Hoogste VN-rechters kijken naar ‘genocide’ in Oekraïne
Het Internationaal Gerechtshof, het hoogste juridische orgaan van de Verenigde Naties, buigt zich maandag en dinsdag over het conflict tussen Rusland en Oekraïne.
De rechters kijken niet naar de invasie en de oorlog zelf, maar naar de aanloop. Rusland beschuldigde Oekraïne toen van een genocide op Russischtalige en pro-Russische inwoners van de afvallige regio’s Donetsk en Loehansk. Moskou besloot eerst de onafhankelijkheid van die twee regio’s te erkennen en viel daarna Oekraïne binnen. Volgens Rusland was de inval (”speciale militaire operatie”) gerechtvaardigd om de inwoners te beschermen.
Oekraïne stapte naar het Internationaal Gerechtshof. President Volodimir Zelenski zegt dat er helemaal geen genocide was en wil dat de VN-rechters vaststellen dat Rusland daarom „geen enkele wettelijke basis had om actie in en tegen Oekraïne te ondernemen om genocide te voorkomen en te bestraffen”.
Op maandag komt Oekraïne aan het woord.

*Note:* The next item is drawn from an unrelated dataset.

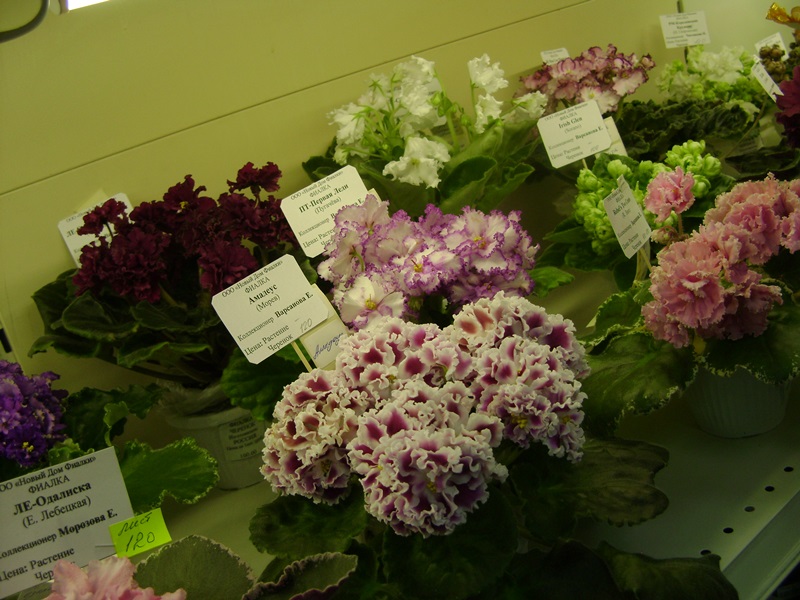 DSC01102.JPG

Op dinsdag krijgt Rusland de kans om daarop te reageren.
Het Internationaal Gerechtshof is gevestigd in het Vredespaleis in Den Haag. Bij de gemeente zijn geen demonstraties aangemeld.
De aanklager van het Internationaal Strafhof, ook in Den Haag, kijkt eveneens naar de oorlog in Oekraïne. De Brit Karim Khan onderzoekt of er oorlogsmisdaden of misdaden tegen de menselijkheid zijn gepleegd.